Work item =>
Please output every record below exactly as written, leaving out any pictures.

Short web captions
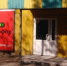 1200d1bfbaa76d60ed32b7704d69ebb3802c88c3.jpeg - Primorye24.Ru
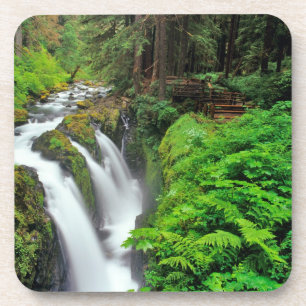 Dessous-de-verre Cascades de Sol Duc dans le parc national Olympiqu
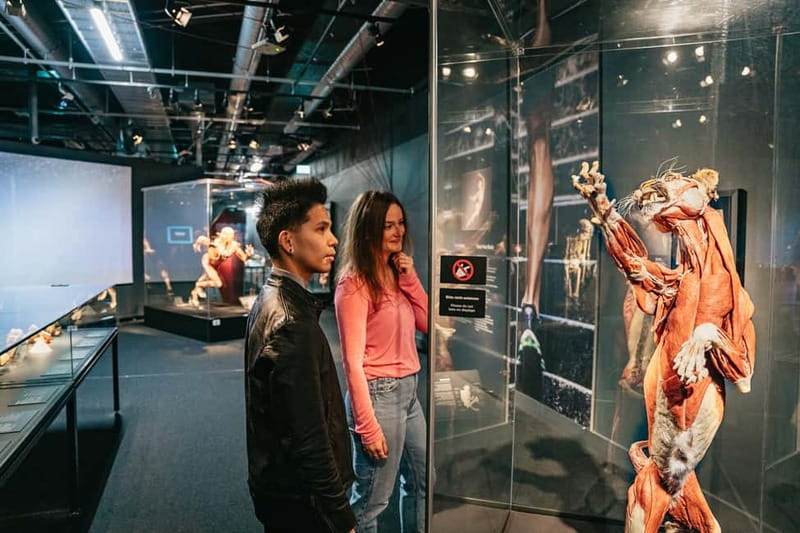 Berlin: Tickets for the BODY WORLDS Museum in Berlin - Practical comfort: lockers, cloakroom, and wheelchair access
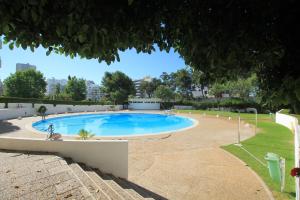 une grande piscine dans un parc dans l'établissement Praia_da_Rocha_Vista_Mar/Ocean_View, à Portimão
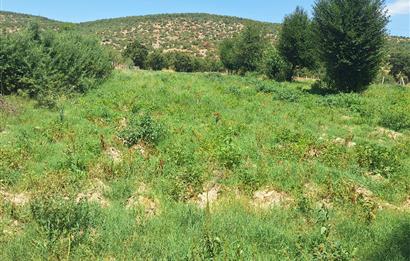 CENTURY 21 VİZYON'DAN YENİSOFÇA’DA SU VE YOLU OLAN 4001 M2 SATILIK TARLA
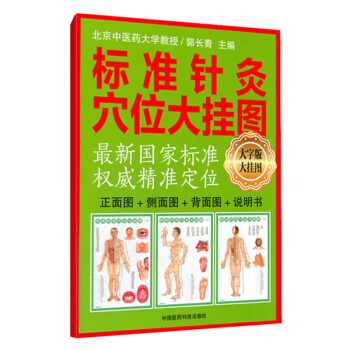 标准针灸穴位大挂图 pdf epub mobi 电子书 下载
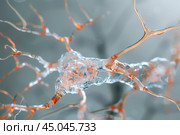 Neuron transmitting nerve impulse showing axon and dendrites. Стоковое AI-изображение, AI-художник Иван Рябоконь / Фотобанк Лори
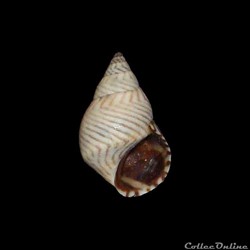 Littorinidae - Echinolittorina ziczac (Gmelin, 1791)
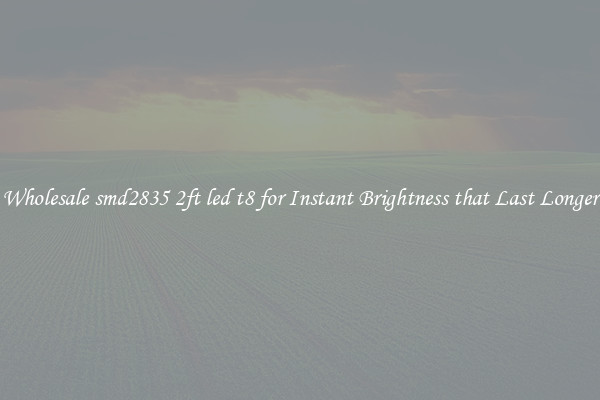 Wholesale smd2835 2ft led t8 for Instant Brightness that Last Longer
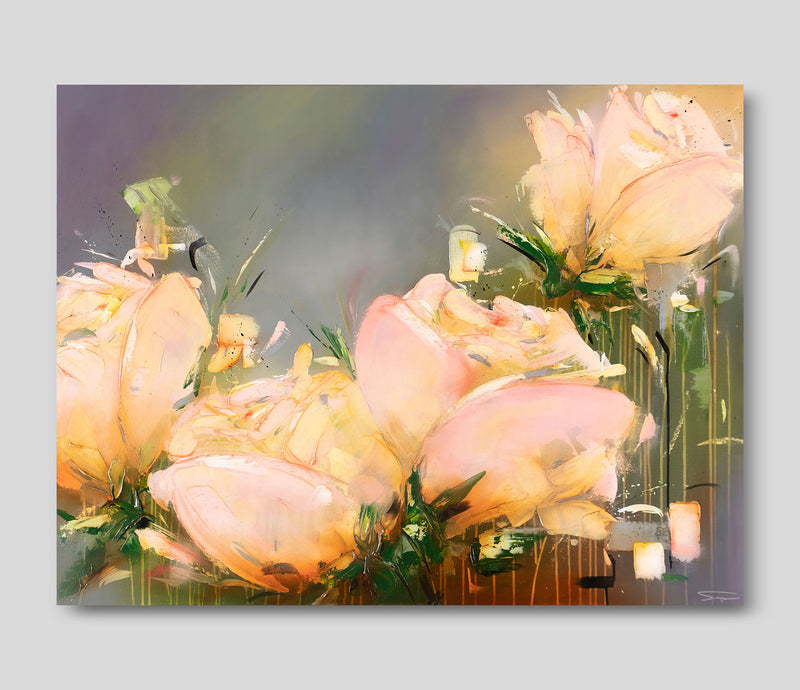 SSI ORI LAN 26441 1 Placidus 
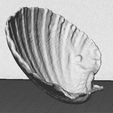 side_display_large.jpg Sea Shell - Digitizer MultiScan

Your solution =>
 1200d1bfbaa76d60ed32b7704d69ebb3802c88c3.jpeg - Primorye24.Ru
 Dessous-de-verre Cascades de Sol Duc dans le parc national Olympiqu
 Berlin: Tickets for the BODY WORLDS Museum in Berlin - Practical comfort: lockers, cloakroom, and wheelchair access
 une grande piscine dans un parc dans l'établissement Praia_da_Rocha_Vista_Mar/Ocean_View, à Portimão
 CENTURY 21 VİZYON'DAN YENİSOFÇA’DA SU VE YOLU OLAN 4001 M2 SATILIK TARLA
 标准针灸穴位大挂图 pdf epub mobi 电子书 下载
 Neuron transmitting nerve impulse showing axon and dendrites. Стоковое AI-изображение, AI-художник Иван Рябоконь / Фотобанк Лори
 Littorinidae - Echinolittorina ziczac (Gmelin, 1791)
 Wholesale smd2835 2ft led t8 for Instant Brightness that Last Longer
 SSI ORI LAN 26441 1 Placidus 
 side_display_large.jpg Sea Shell - Digitizer MultiScan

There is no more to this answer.